1. Field of the Invention
The present invention relates to a heating apparatus for a chemical vapor deposition equipment.
2. Background of the Related Art
Known methods for heating chemical vapor deposition equipment include a lamp heating method, a method of using an integration type heater, and a method of using a susceptor that generates infrared or high frequency electromagnetic radiation.
The lamp heating methods may have heating regions divided into zones. A plurality of lamps (generally, 10-20 lamps), each of which corresponds to a zone, are spaced-apart at a regular interval, thus obtaining a desired temperature.
In direct resistance heating methods, the above-described integration type heater is used.
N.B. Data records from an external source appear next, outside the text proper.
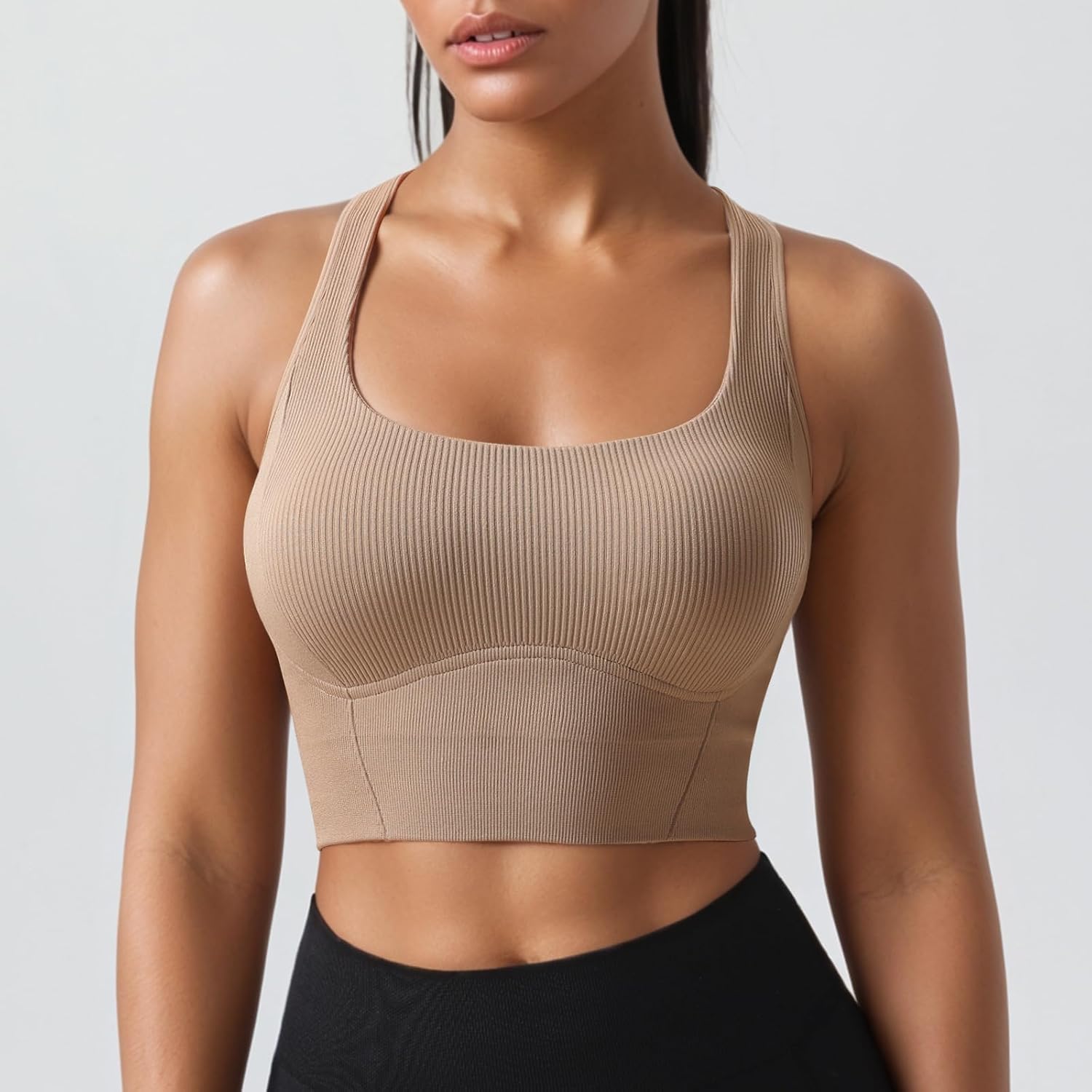 Women Square Neckline Sports Bra Padded Basic Workout Y-Back Racerback Cropped Tank Top - Image 3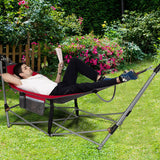 Portable Folding Hammock with Hammock Stand-Red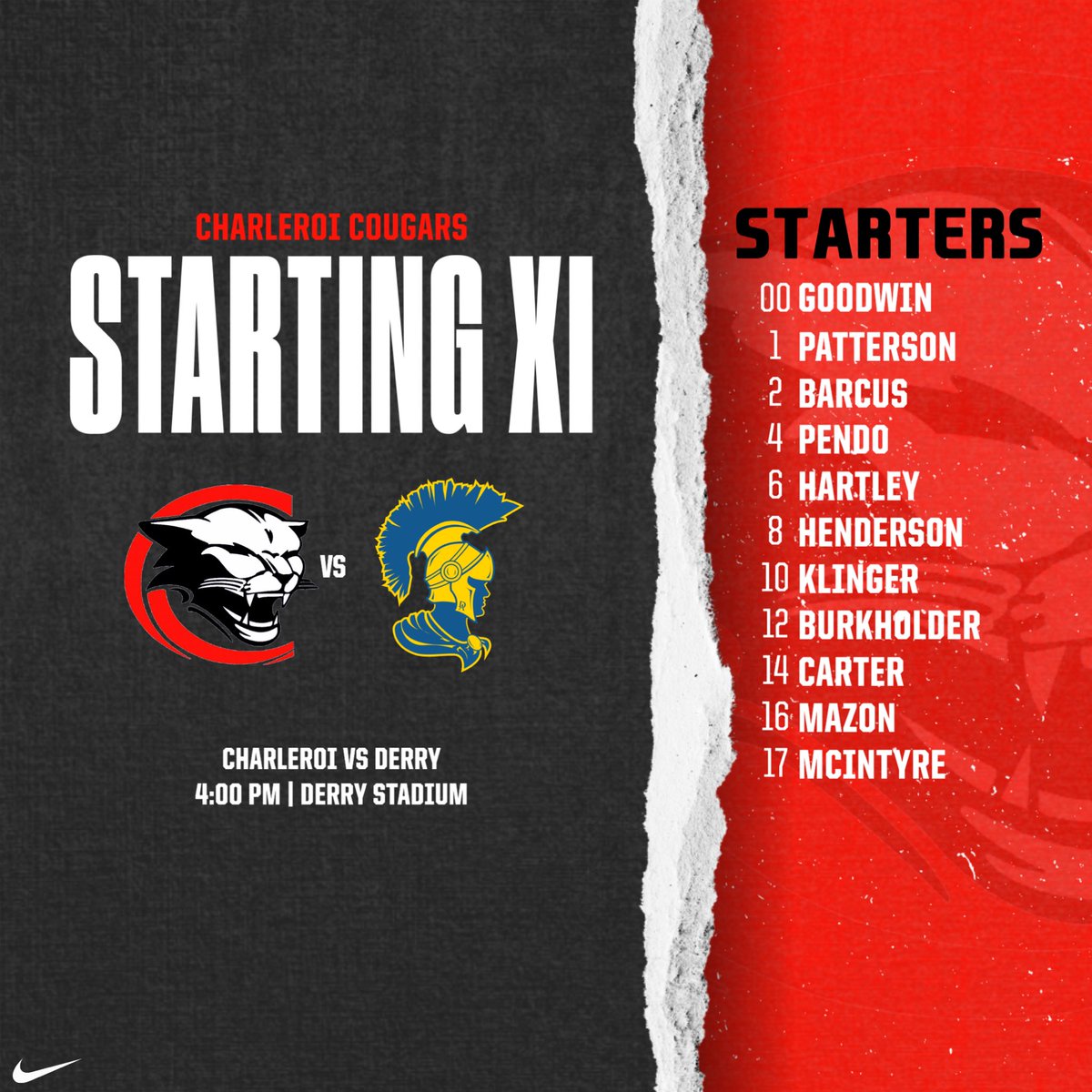 Tonight’s  Starting XI  v Derry  

<a href="/MVI_sports/">MVI Sports</a> 
<a href="/pghsoccernow/">Pittsburgh Soccer Now</a> 
<a href="/AthleticsCasd/">CASD Athletics</a>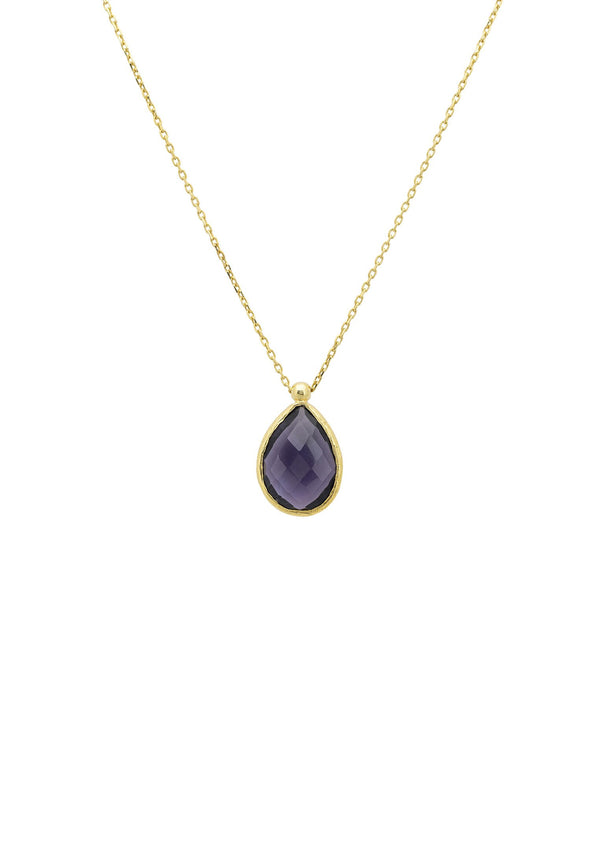 Petite Drop Necklace Gold Amethyst Hydro
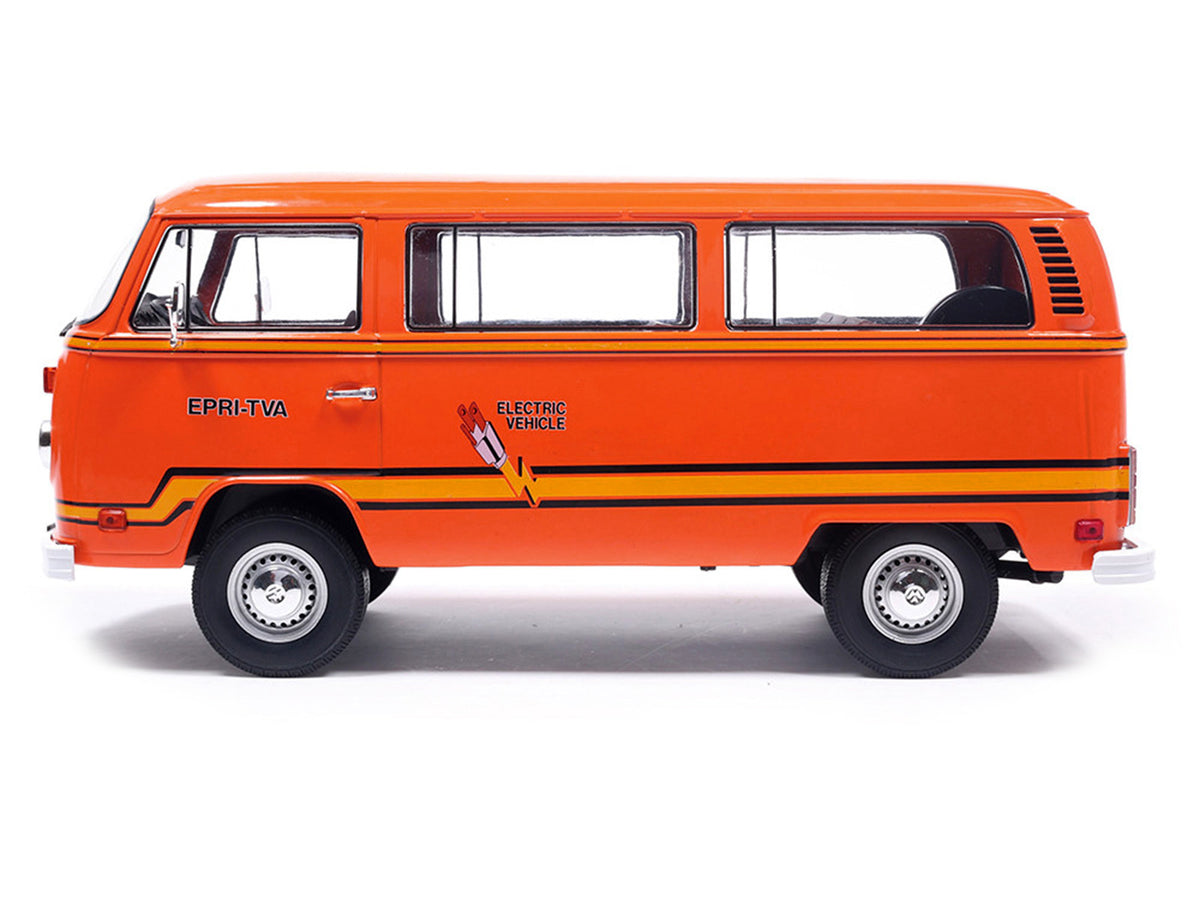 1978 Volkswagen Type 2 Bus "Elektrotransporter" Orange with Yellow Stripes 1/18 Diecast Model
In this method, electric power is supplied to terminals of a heater to obtain a desired heat.
In methods in which infrared or high frequency radiation is used, a particular gas is charged in a lamp, thus obtaining a desired heat using the light which is generated when the gas is charged in the lamp.
FIG. 1 shows a known heating device of a chemical vapor deposition apparatus. In FIG. 1, reference numeral 2 denotes a quartz plate, 3 denotes a wafer, and 4 denotes an Au-coating.
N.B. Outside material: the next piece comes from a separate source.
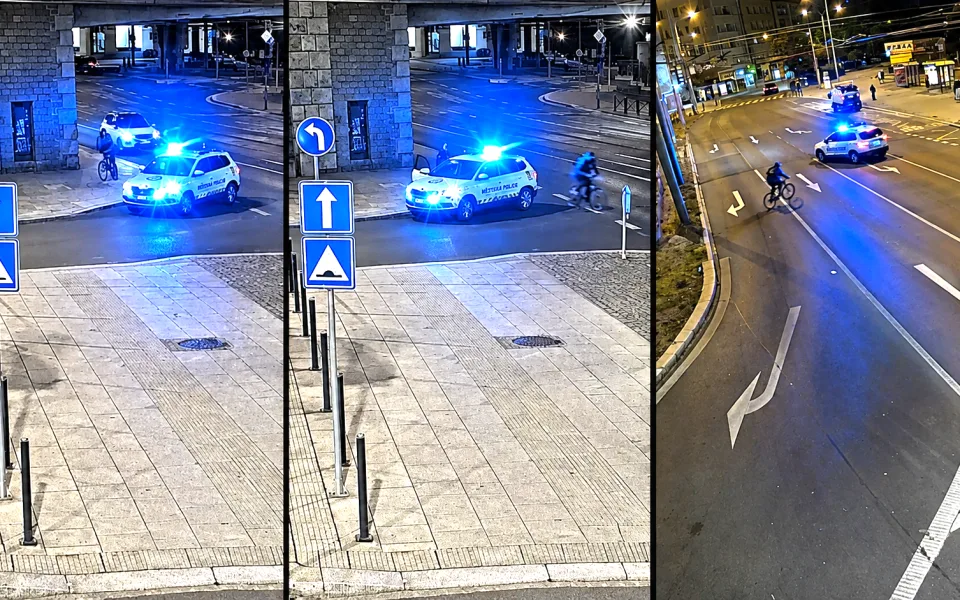 VIDEO: Zběsilá honička cyklisty s vozidlem městské policie baví internet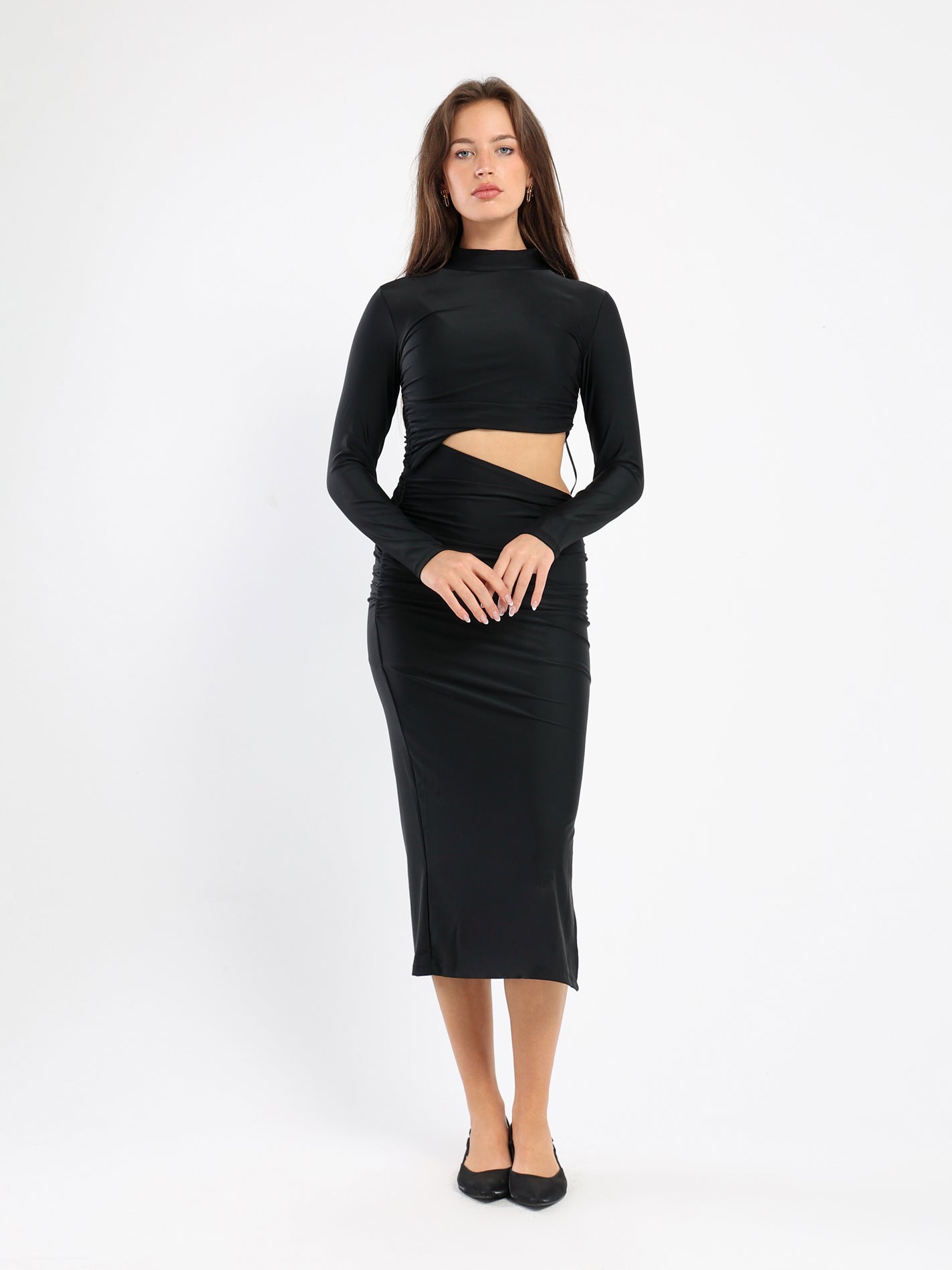 High Neck Maxi Dress With Cutout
Some heating devices for chemical vapor deposition equipment require significant amounts of time to perform heating and cooling operations. For example, in the case of infrared or high frequency radiation heating, as shown in FIG. 2, the time required to increase the temperature of a wafer from room temperature to a predetermined high temperature is 10-15 minutes, and the time required to reduce the temperature is 60-120 minutes. Thus, much time is required, heat loss is increased, and the apparatus is inefficiently operated, and is non-economical.
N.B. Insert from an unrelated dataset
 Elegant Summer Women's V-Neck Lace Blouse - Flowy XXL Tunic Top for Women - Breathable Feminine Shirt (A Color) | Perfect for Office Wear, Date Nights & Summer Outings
In the case of a lamp heating method, which is an indirect heating method, as shown in FIG. 2, the time required to increase the temperature is 10-30 seconds, and the time required to reduce the temperature is 1-5 minutes. Although the lamp heating method provides quicker temperature increase and decrease times, the use of heating lamps also causes the temperature of a deposited metallic layer and the underlying silicon layer to be different. Therefore, when heating a large diameter wafer, it is impossible to obtain a uniform temperature distribution, and to properly control the temperature.